Sikap Kuba menolak membantu invasi Amerika Serikat ke Venezuela bisa dipahami. Sebenarnya embargo Amerika Serikat bukan hal yang baru bagi Kuba. Negara ini sudah lama  menerima sanksi ekonomi dari AMerika Serikat. Dalam hal ini Venezuela yang telah membantu Kuba untuk bertahan.
Kuba dan Venezuela memiliki hubungan yang cukup erat. Kuba mendapat kiriman minyak dari Venezuela dengan melanggar embargo Amerika Serikat. Sebagai gantinya, maka para ilmuwan Kuba memberikan pelatihan dan pendidikan bagi dokter dan perawat dari Venezuela.
Namun apakah hanya bantuan Kuba yang menggagalkan kudeta Guaido? Ada beberapa faktor lain yang menjadi batu sandung pelaksanaan kudeta yang setengah mati diharapkan Amerika Serikat dan sekutunya tersebut. Antara lain:
Faktor pertama adalah kekuatan rakyat atau people power. Meski Guaido dibantu Amerika Serikat menyebarkan berita negatif tentang pemerintahan Nicolas Maduro. Sejak Maduro dilantik menjadi presiden Venezuela tahun lalu, perekonomian Venezuela merosot drastis.
Kondisi perekonomian tersebut yang selalu 'digoreng' oleh Guaido dan media media Barat. Rakyat Venezuela sulit mencari makan sehingga banyak yang eksodus ke luar negeri. Selain itu kejahatan dan kriminalitas merajalela, setiap hari ada saja orang yang tewas di jalan.
Tetapi apa yang dialami rakyat Venezuela bukan tidak mungkin adalah bagian dari skenario Amerika Serikat melalui Guaido agar pemerintahan Maduro tidak berlangsung lama. Guaido sangat ingin menguasai Venezuela dan menikmati eksplorasi minyak bersama bantuan Amerika Serikat.
Karena itulah Amerika Serikat ngotot membantu Guaido. Bahkan melalui cara yang canggih, dengan hacker untuk mengacaukan sistem pertahanan dan satelit. Maduro mensinyalir bahwa pemadaman listrik di sebagian wilayah Venezuela merupakan rangkaian serangan dari Amerika Serikat.
Satu hal yang tidak diperhitungkan oleh Amerika Serikat bahwa rakyat Venezuela tidaklah bodoh. Mereka juga menyadari peran Amerika Serikat yang ingin menguasai ladang minyak Venezuela melalui Guaido. Rakyat Venezuela tetap mendukung pemerintahan yang sah dan membela Maduro.

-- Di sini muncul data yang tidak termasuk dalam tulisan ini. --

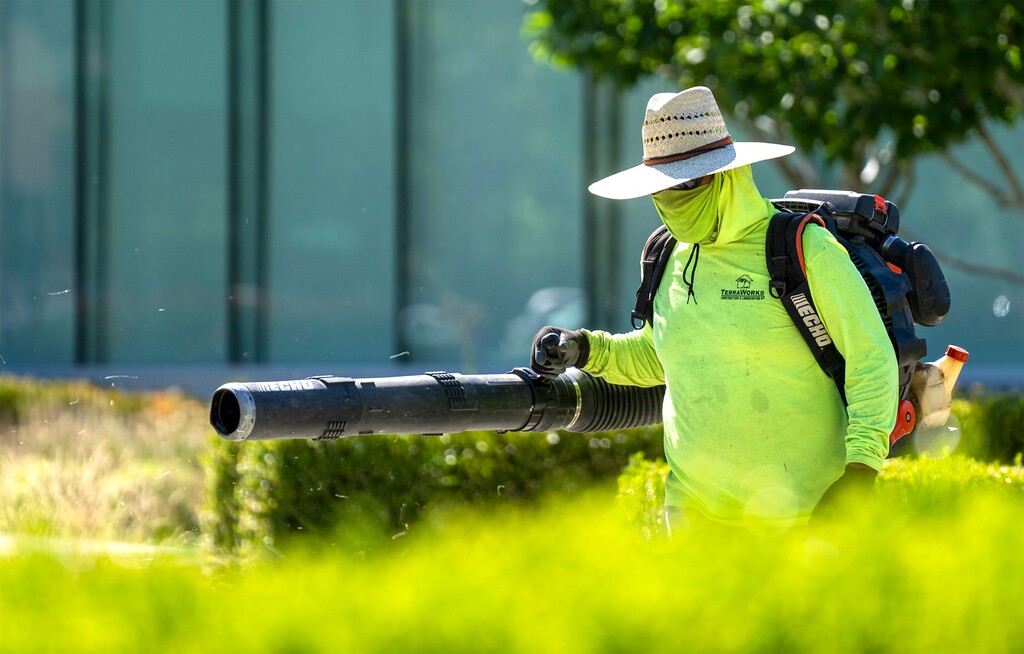 (Rick Egan | The Salt Lake Tribune)  A construction worker works in the hot sun, on Monday, July 8, 2024.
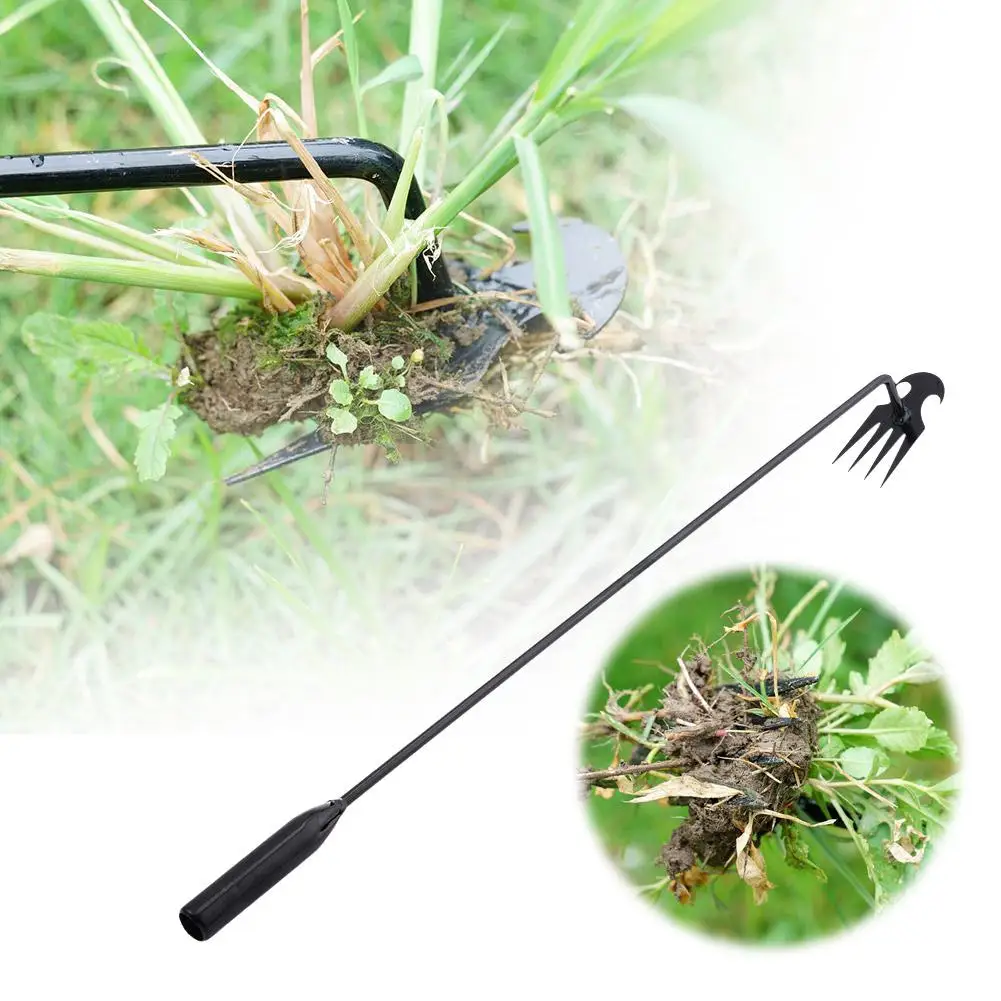 Artifact Uprooting Weeding Tool, 24 Inch Black Long Manganese 4 Pulling Teeth Tools Weed Tool, Steel Handle Rust-proof Weed X0X4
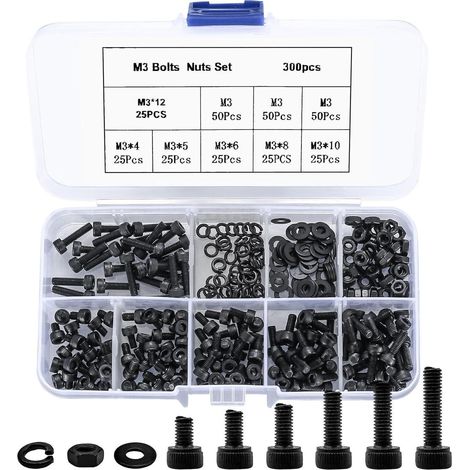 Schrauben Muttern Set Unterlegscheiben Hex M3 Schwarz 300 (1/5)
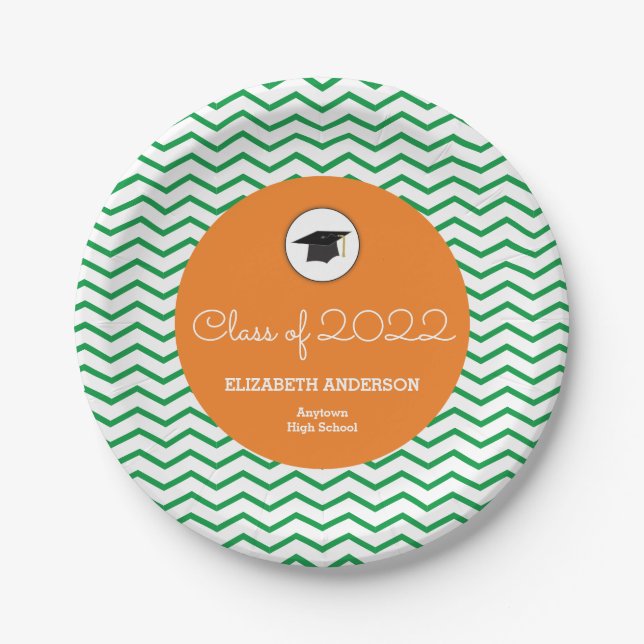Orange and Green Class of 2022 Graduation  Paper Plate (Front)
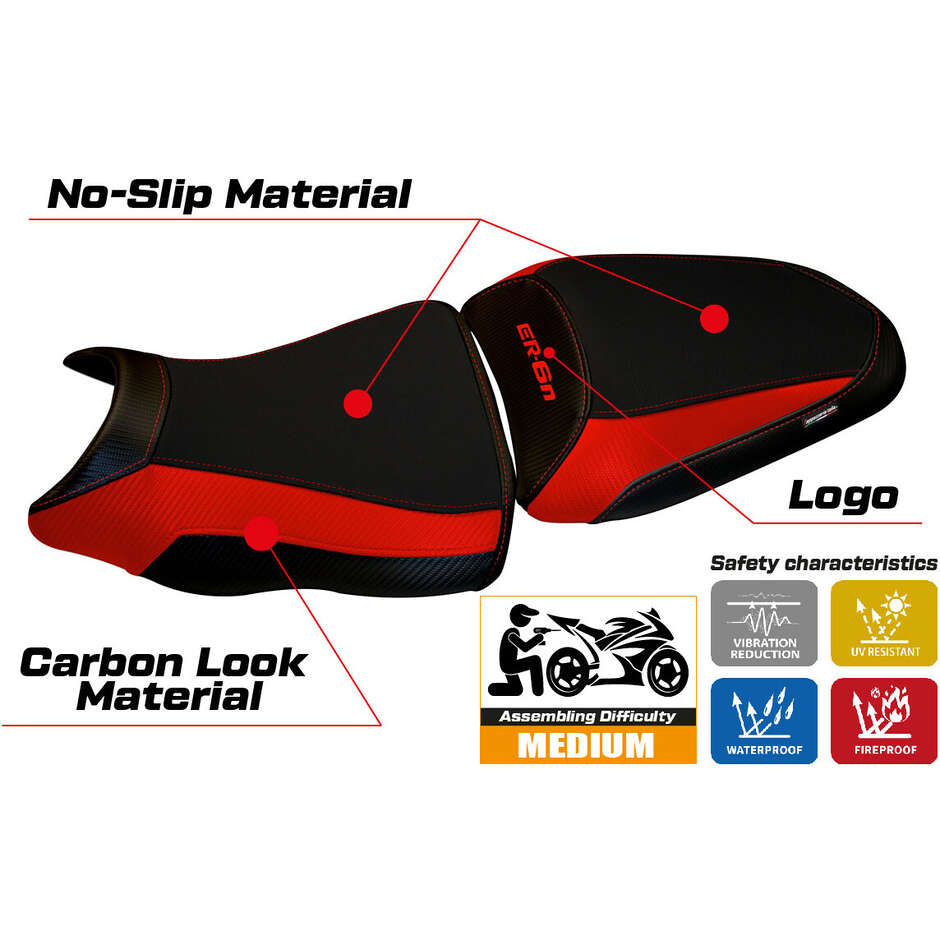 TPZ Italia Seat Cover Specific for Kawasaki ER-6N / ER-6F 2012 - 2016 Model Leeds 1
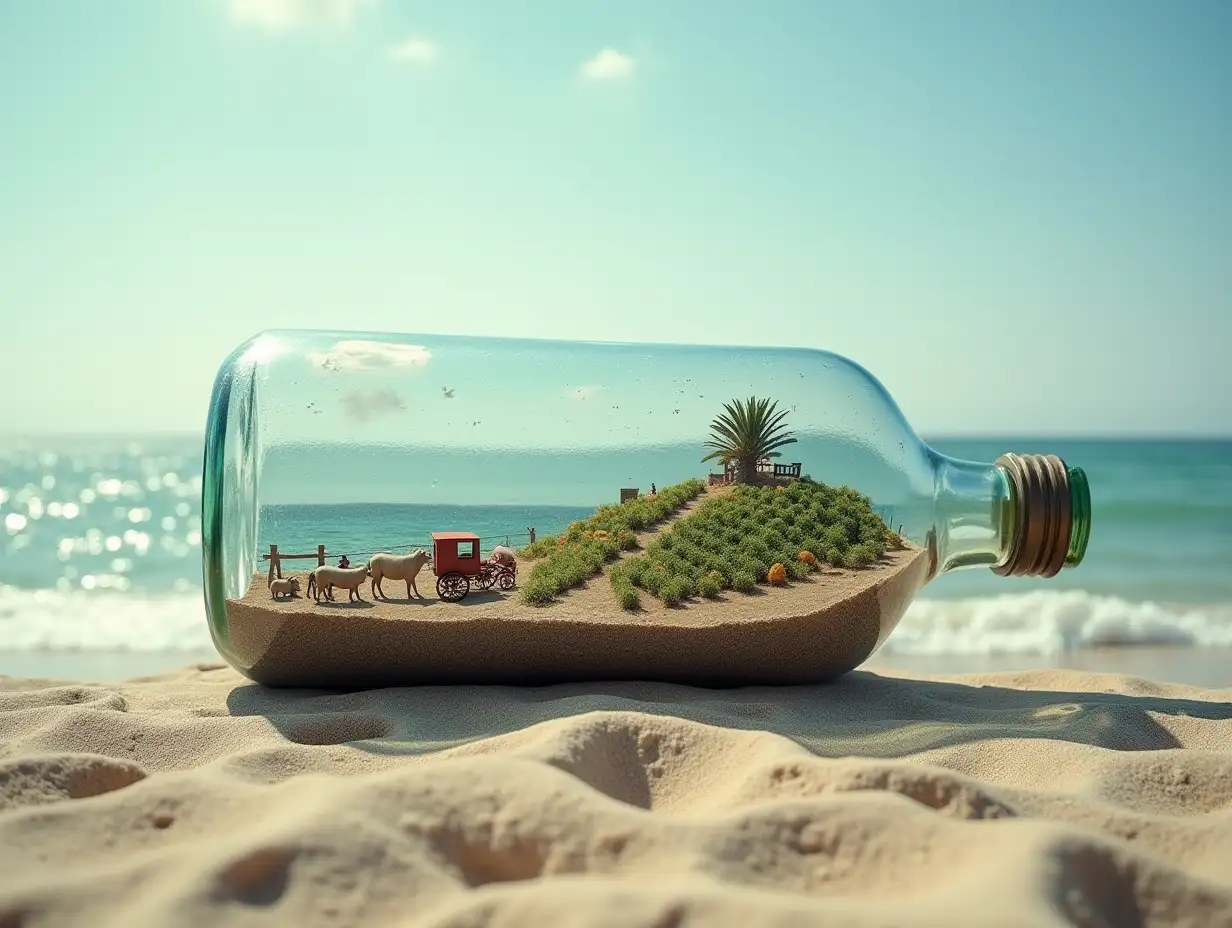 In a beautiful beach there is a large glass bottle, in it is a small village, with very many tiny people, with fruit plantation, carriage, horses, pigs, quite big-real photo, triple exposure, basic idea of something beautiful picture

Setelah upaya kudeta yang gagal, ribuan rakyat Venezuela turun ke jalan untuk menentang intervensi Amerika Serikat. Betapa pun miskinnya rakyat Venezuela, mereka tidak ingin menjadi kacung dan jajahan Amerika Serikat meskipun dengan iming iming pembangunan yang lebih baik.

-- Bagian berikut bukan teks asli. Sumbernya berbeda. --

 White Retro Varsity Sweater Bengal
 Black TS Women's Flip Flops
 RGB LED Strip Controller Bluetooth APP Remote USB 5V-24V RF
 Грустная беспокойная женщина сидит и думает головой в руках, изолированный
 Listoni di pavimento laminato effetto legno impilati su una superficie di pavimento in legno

Bulan lalu pejabat pejabat militer Rusia telah bertandang mengunjungi Maduro. Kunjungan ini yang membuat gusar Amerika Serikat. Padahal, Rusia tidak mengirimkan bantuan militer. Kemungkinan besar, para pejabat militer tersebut memberikan nasihat dan taktik yang diperlukan Maduro untuk bertahan.
Turki dan beberapa negara lain memberikan bantuan materi untuk meringankan rakyat Venezuela. Maduro telah membuka pintu bagi bantuan kemanusiaan berupa makanan dan obat-obatan yang sangat diperlukan oleh rakyatnya. Bantuan itu sangat berarti bagi pertahanan Venezuela.

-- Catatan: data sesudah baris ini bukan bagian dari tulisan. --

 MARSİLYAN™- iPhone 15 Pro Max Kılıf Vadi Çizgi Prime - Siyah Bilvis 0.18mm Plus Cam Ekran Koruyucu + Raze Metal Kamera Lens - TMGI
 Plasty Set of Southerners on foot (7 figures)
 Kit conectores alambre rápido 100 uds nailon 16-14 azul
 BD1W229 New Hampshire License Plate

Negara negara tetangga yang menjalin hubungan baik dengan Venezuela dan pernah ditolong oleh Hugo Chavez di masa lalu juga tidak membiarkan Venezuela direcoki oleh Amerika Serikat. Â Mereka tidak mau membuka pintu perbatasan untuk militer Amerika Serikat.
Saat ini salah satu pemimpin oposisi Venezuela dan kaki tangan Guaido, yaitu Leopoldo Lopez, menyembunyikan diri di kedutaan Chili di Caracas. Ia berlindung di sana bersama keluarganya dan juga tokoh tokoh oposisi yang lain. Chili berpihak kepada Amerika Serikat karena memiliki banyak hutang pada negara adidaya tersebut.